BRIEF:
Write out, word for word, only the data from its first line to the line containing "饰Freya Hartas创作的动物图案羊毛毛衣 蓝色和红色".

SOURCE DATA:

»»

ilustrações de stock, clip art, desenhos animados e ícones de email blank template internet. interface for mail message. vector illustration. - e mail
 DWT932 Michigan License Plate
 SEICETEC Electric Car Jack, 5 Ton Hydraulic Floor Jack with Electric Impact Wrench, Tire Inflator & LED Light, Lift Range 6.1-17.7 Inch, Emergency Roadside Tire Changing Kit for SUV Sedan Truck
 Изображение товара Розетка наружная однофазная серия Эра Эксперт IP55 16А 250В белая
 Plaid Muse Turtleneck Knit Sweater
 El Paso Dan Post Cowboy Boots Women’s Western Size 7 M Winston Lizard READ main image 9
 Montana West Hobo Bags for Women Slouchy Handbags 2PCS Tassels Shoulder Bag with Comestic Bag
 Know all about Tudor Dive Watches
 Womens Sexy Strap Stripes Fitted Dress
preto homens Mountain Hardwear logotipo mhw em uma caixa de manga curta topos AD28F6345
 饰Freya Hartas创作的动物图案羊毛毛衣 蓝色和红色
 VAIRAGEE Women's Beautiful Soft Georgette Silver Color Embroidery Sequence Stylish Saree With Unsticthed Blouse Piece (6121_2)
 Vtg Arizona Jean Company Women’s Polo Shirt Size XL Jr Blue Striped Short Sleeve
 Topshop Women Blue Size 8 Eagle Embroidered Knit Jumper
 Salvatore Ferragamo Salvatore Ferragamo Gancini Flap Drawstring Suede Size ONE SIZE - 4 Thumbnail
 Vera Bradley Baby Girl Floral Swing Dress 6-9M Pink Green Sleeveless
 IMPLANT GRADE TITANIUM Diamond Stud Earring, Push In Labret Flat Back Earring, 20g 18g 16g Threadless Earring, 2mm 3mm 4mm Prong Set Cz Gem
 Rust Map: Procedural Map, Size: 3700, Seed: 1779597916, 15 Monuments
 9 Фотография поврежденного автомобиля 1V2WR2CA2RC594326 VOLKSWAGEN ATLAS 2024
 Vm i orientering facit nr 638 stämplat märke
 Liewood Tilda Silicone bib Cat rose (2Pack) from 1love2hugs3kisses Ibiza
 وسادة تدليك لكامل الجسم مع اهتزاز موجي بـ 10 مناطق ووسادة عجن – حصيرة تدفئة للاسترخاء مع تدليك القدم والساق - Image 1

««

WRITTEN ANSWER:
ilustrações de stock, clip art, desenhos animados e ícones de email blank template internet. interface for mail message. vector illustration. - e mail
 DWT932 Michigan License Plate
 SEICETEC Electric Car Jack, 5 Ton Hydraulic Floor Jack with Electric Impact Wrench, Tire Inflator & LED Light, Lift Range 6.1-17.7 Inch, Emergency Roadside Tire Changing Kit for SUV Sedan Truck
 Изображение товара Розетка наружная однофазная серия Эра Эксперт IP55 16А 250В белая
 Plaid Muse Turtleneck Knit Sweater
 El Paso Dan Post Cowboy Boots Women’s Western Size 7 M Winston Lizard READ main image 9
 Montana West Hobo Bags for Women Slouchy Handbags 2PCS Tassels Shoulder Bag with Comestic Bag
 Know all about Tudor Dive Watches
 Womens Sexy Strap Stripes Fitted Dress
preto homens Mountain Hardwear logotipo mhw em uma caixa de manga curta topos AD28F6345
 饰Freya Hartas创作的动物图案羊毛毛衣 蓝色和红色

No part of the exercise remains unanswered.